Assuming such a more complex performance model, the relationship between the average processing time and the share of subnormal data in the input would not be an affine straight line anymore:

  • For small amounts of subnormal numbers in the input data stream, each subnormal input will cause an expensive switch to “generic mode”, followed by a period of time during which mostly-normal numbers are processed at a reduced data rate, then a return to “normal mode”.
    • In this initial phase of low subnormal input density, we expect a mostly linear growth of processing overhead, where the initial overhead(%subnormals) curve slope is the cost of each ALU normal → generic → normal mode round trip, to which we add the number of normal numbers that are processed during the generic mode operating period, multiplied by the extra overhead of processing a normal number in generic mode.
  • As the share of subnormal numbers in the input data stream increases, the CPU’s ALUs will see more and more subnormal numbers pass by.
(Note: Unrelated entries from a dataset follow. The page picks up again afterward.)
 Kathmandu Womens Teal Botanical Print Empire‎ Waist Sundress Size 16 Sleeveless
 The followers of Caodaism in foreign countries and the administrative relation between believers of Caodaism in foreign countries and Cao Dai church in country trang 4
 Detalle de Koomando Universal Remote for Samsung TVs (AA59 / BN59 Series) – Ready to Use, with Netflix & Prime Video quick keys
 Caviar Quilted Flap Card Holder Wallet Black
Eventually, the density of subnormal numbers in the input will become high enough to go below the ALUs’ internal threshold, and cause ALUs to start delaying some generic → normal mode switches.
    • This will result in a reduction of the number of normal → generic → normal mode round trips. Therefore, if said round trips are a lot more expensive than the cost of processing a few normal numbers in generic mode for the duration of the round trip, as initially assumed, the overall processing overhead will start to decrease.
  • Finally, beyond a certain share of subnormal inputs, the ALUs will be constantly operating in generic mode, and the only observable overhead will be that of processing normal numbers in the subnormals-friendly generic mode.
    • It should be noted that the associated overhead that the CPU manufacturer tries to avoid may not be a mere linear decrease in throughput, but instead something more subtle like an increase in operation latency or ALU energy consumption.
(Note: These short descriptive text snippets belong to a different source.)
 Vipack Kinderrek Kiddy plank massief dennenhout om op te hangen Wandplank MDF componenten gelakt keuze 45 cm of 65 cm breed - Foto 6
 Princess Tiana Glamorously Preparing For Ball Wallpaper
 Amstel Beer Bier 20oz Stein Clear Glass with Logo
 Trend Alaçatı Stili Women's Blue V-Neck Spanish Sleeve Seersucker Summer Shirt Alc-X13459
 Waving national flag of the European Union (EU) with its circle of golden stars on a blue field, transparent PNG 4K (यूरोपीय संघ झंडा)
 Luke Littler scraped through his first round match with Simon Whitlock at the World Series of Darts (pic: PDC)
Such an overhead curve that grows then shrinks and eventually reaches a plateau as the share of subnormal inputs increases, was indeed observed on AMD Zen 2 and 3 CPUs when processing certain arithmetic operations like MUL. This suggests that a mechanism along the line of the one described above is at play on those CPUs.

As you can see, studying the dependence of subnormal number processing overhead on the share of subnormal numbers in the input data stream can provide valuable insight into the underlying hardware implementation of subnormal arithmetic.

Data type

Besides individual single and double precision numbers, many CPUs can process data in SIMD batches of one or more widths. On microarchitectures with a sufficiently dark and troubled past, we could expect the subnormals fallback path to behave differently depending on the precision of the floating-point number that are being manipulated, or the width of the SIMD batches. Such differences, if any, will reveal more limitations of the CPU’s subnormal processing path.